A imprensa, na sua generalidade, não se cansou de elogiar a presença em Arganil da Classe de Honra onde foram exibidos quatro quadros com cartas pré-filatélicas portuguesas, três delas com ensaios e provas de selos nacionais, entre as quais a famosa de Salazar, e três com selos portugueses com erros – “três especialidades das mais requintadas da Filatelia que nunca olhos arganilenses tinham jamais visto!” (sic). Ah! Porque há mais essa. Erros e defeitos podem valorizar, e muito, um exemplar. Repare-se, por exemplo, no murmúrio de satisfação admirada que se repercutiu nesse fim de semana, em Arganil, quando um sobrescrito com erro e grande omissão total da cor azul, editado pela Casa do Conselho de Arganil, foi apresentado. Verdadeira peça de colecção!

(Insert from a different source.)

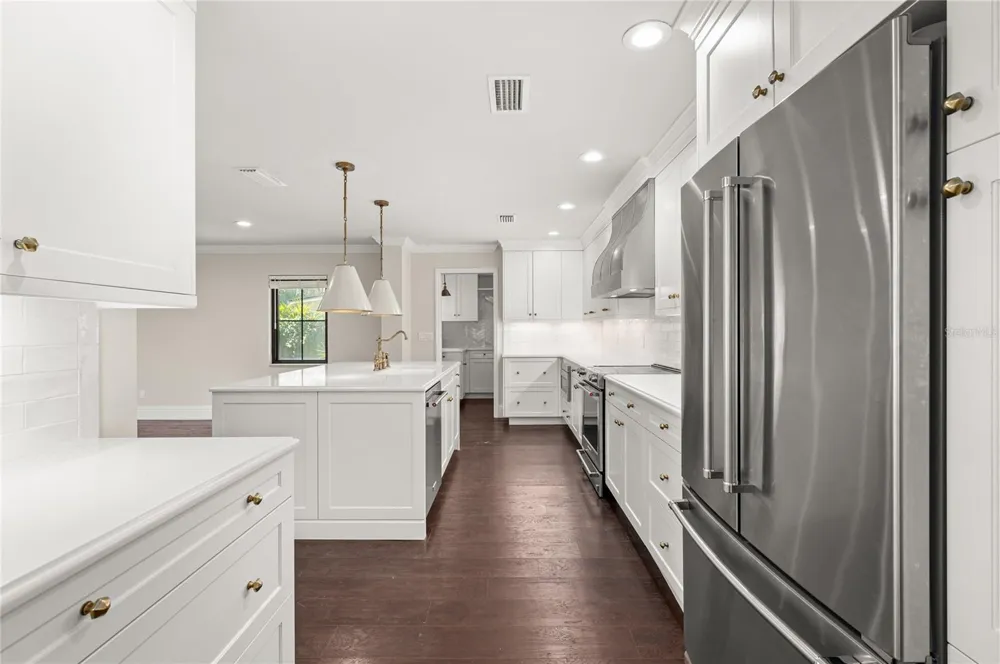 648 FITZWALTER DRIVE Winter Park, FL 32792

O eminente José González Garcia fez furor. O seu extraordinário Moçambique – dez quadros com cento e vinte folhas, somente até aos selos com a sobrecarga de Santo António, deixaram muitos de boca escancarada, sem saberem ao certo o que mais admirarem: se as peças quase todas em folhas inteiras, se o seu estudo, se a sua apresentação e legendagem de uma perfeição totalmente modelar. Sim, sim, que isto não é só tirar os selos da carteira e enfiá-los debaixo de uma vitrina para que a malta os vá vendo com a atenção possível. Há que apresentá-los, explicar as suas origens, designar o momento em que foram impressos e por aí fora…

Como em todas as competições que se prezam e, pasmem!; a filatelia também é competitiva, havia um júri. O grande prémio da 1.ª Exposição da Comarca de Arganil foi entregue ao_Clube Filatélico de Portugal, juntamente com uma felicitação complementar. A seguir à distribuição das medalhas, comeu-se e bebeu-se à farta-bruta. O dr._Fernando Vale, que já se oferecera para presentear os melhores com os respectivos troféus, abriu um banquete de fazer escorrer água pelos cantos da boca do menos esfomeado. Os vinhos foram preciosos mas, como é comum, os discursos derradeiros provocaram bocejos gerais e até um ou outro palavrão murmurado em desabafo. Fazia parte. Não podia ser tudo_à borla. E, por isso, de copo de Porto na mão, o presidente da edilidade de Arganil, com a voz embargada pela emoção e pelos excessos etílicos, tratou de serrazinar a pachorra a todos aqueles que se arriscaram a ficar até ao fim.